Review of Progress notes, of 8/6/17 at 9:39 A.M., indicated that the resident was unable to stand or bear weight., had increased confusion and was difficult to redirect. Review of the 8/7/17 I and O Worksheet indicated that fluid intake was not recorded for all 3 shifts. The resident voided 275 cubic centimeters (cc) on the 11:00 P.M. to 7:00 A.M. shift, was incontinent twice on the 7:00 A.M. to 3:00 P.M. shift, and the 3:00 P.M. to 11:00 P.M. shift was left blank.

Review of Progress notes, of 8/8/17 at 5:00 A.M., indicated that the resident voided 125 cc of dark yellow urine. Continued on Intake and Output. Review of the 8/8/17 I and O Worksheet indicated that the resident consumed a total of 960 cc of fluid. The resident voided 125 cc on the 11:00 P.M. to 7:00 A.M. shift, was incontinent twice on the 7:00 A.M. to 3:00 P.M. shift, and was incontinent once on the 3:00 P.M. to 11:00 P.M. shift.

Review of the 8/9/17 I and O Worksheet indicated that the resident had no fluid intake and voided once on the 11:00 P.M. to 7:00 A.M. shift. The resident consumed 60 cc of fluid and no output was recorded on the 7:00 A.M. to 3:00 P.M. shift. Review of Progress notes, of 8/9/17 at 9:45 A.M., indicated that the resident went out to a neurology appointment. The neurologist called the facility to inform them that the resident was sent to the emergency room due to a change in mental status. Review of the 8/9/17 hospital history and physical indicated the following blood work: a Blood Urea Nitrogen (BUN) of 113 (normal range 7 to 23), a Creatinine of 2.52 (normal range 0.6 to 1.3), a Calcium of 11.4 (normal range 8.7 to 10.7) and a Sodium of 149 (normal range 135 to 145).
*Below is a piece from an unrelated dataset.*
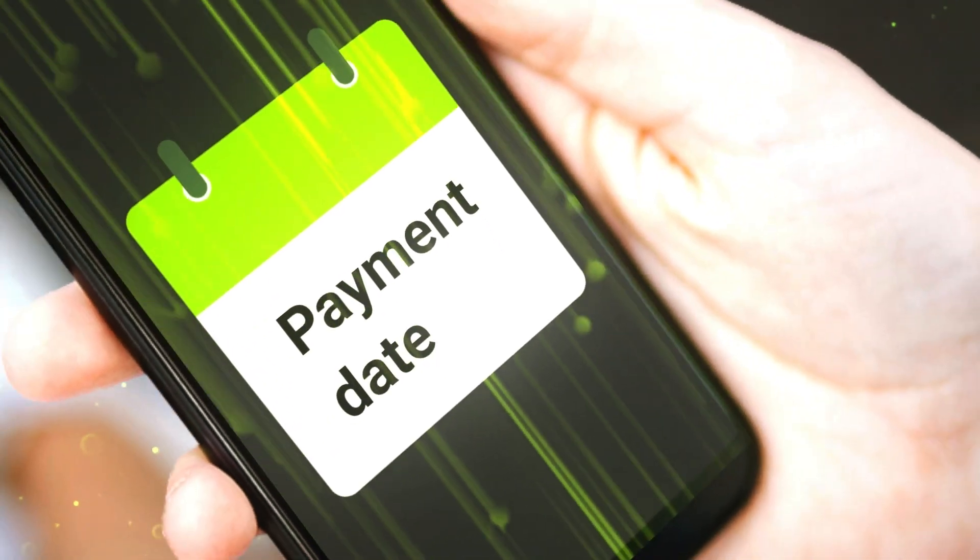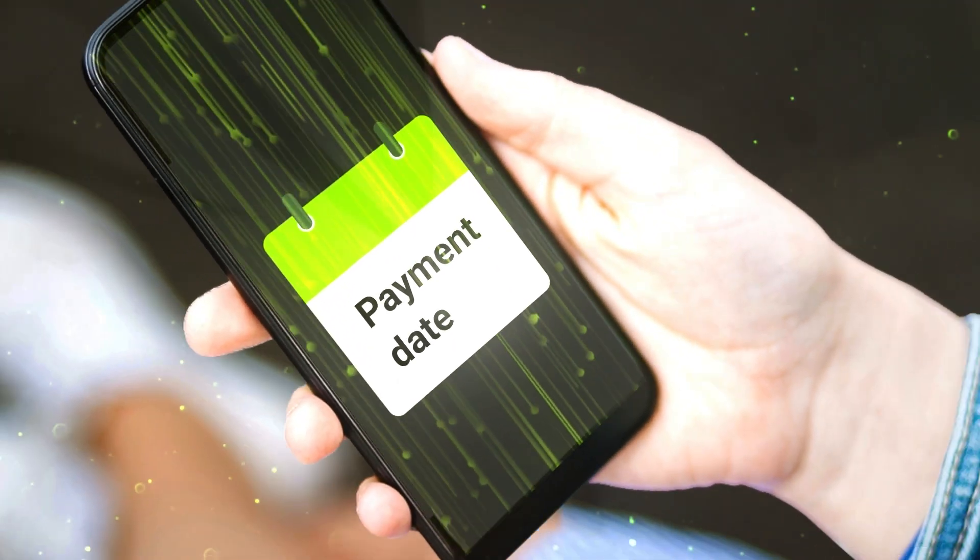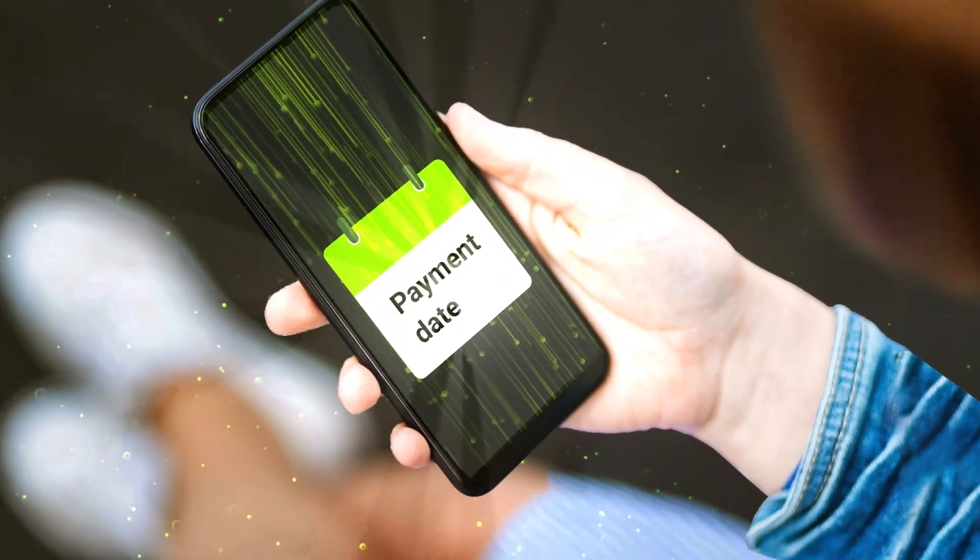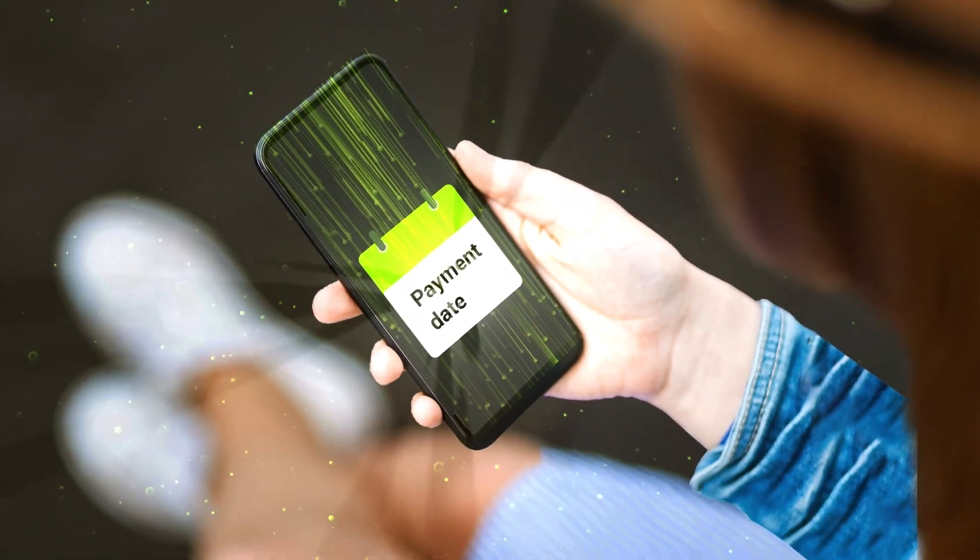And finally, the payment date when dividends are distributed to shareholders. For example, if you own 100 shares and the company announces a 100 cents dividend, understanding these dates ensures you receive your 100 Rand dividend.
Family provided history and stated that since (8/4/17), they noticed a drastic decline in resident’s functioning and increased agitation.

Assessment/Plan: Presented with acute on chronic mental status change with worsening hallucination and lethargy. Multiple factors probably contributing: Dehydration, acute kidney injury (in the setting of no [MEDICAL CONDITION]), uremia, hypercalcemia, [MEDICAL CONDITION] and [MEDICAL CONDITION]. CT scan was negative for [MEDICAL CONDITION]. On exam appeared significantly dehydrated. The resident received 4 liters of normal saline intravenously for rehydration, and then changed to [MEDICATION NAME] (D) 5 and 1/2 Normal Saline (NS). A nasogastric tube was inserted on 8/12/17, and the resident was given free water and nutrition.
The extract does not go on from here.